Przede wszystkim, zmianom ulega sylwetka. Jest silnie podkreślona, a zarazem pełna – każda kreacja uwydatnia biodra i zaokrągla ramiona, przywodząc na myśl pozytywistyczne stroje, rodem z epoki wiktoriańskiej. Kwintesencją tej „okrągłości” są groszki, będące jedynym deseniem, który pojawia się w kolekcji.

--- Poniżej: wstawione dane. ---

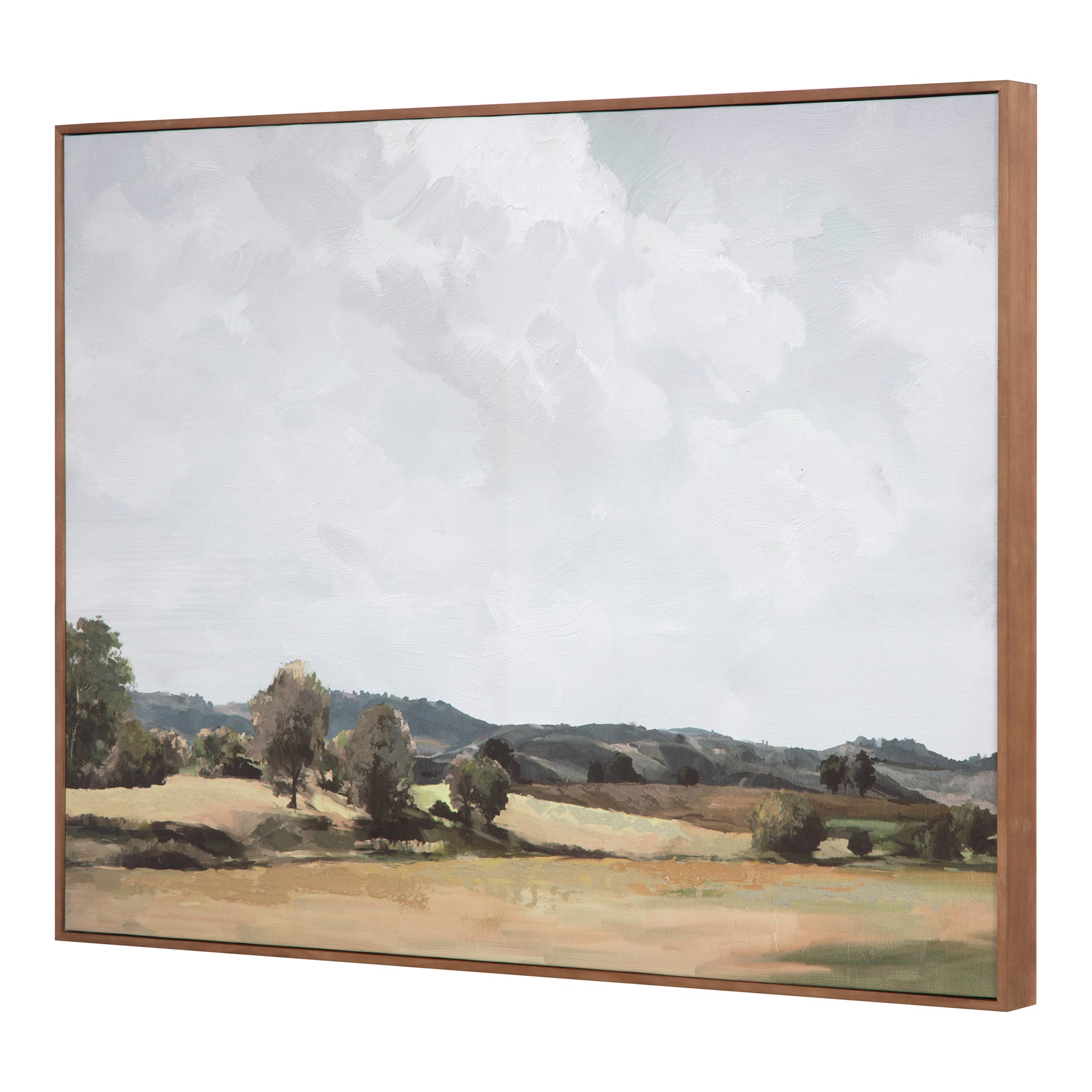Vast Country Framed Painting - Moes Home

Zwiewne, półprześwitujące tkaniny zastąpiły grube i sztywne materiały, głównie wełna, które nadały sylwetce dodatkowej sztywności. Zniknęły dekolty, zamiast nich Jacobs wprowadził wysokie żaboty, czasem uzupełniając look okrągłym, a jakże, wycięciem na plecach. Spokojne kolory – burgund, zieleń, biel oraz czerń to kolejny ironiczny chwyt projektanta, jakby pragnął nam powiedzieć – „pod spodem jest ogień, musicie się tylko przez niego przebić”.

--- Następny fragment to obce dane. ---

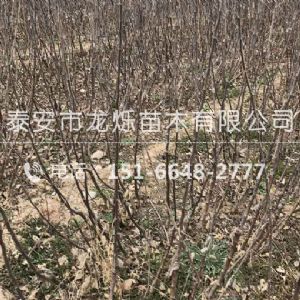 烟富8号苹果苗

Niewątpliwie, Marc Jacobs to jeden z najzdolniejszych i najintensywniej tworzących dzisiaj projektantów. Łączy w sobie dozę bezczelności, prowokacji, talentu oraz szacunku do dorobku mody i, co ważne, zdaje się w pełni panować nad swoją twórczością. Co prawda trudno powiedzieć, czy kobiety będą chciały nosić akurat tę kolekcję – wymaga ona niesłychanej konsekwencji stylizacyjnej, a co za tym idzie, także niemałej odwagi. Marc Jacobs jednak osiągnął już pozycję dyktatora mody i nie musi obawiać się niepowodzeń.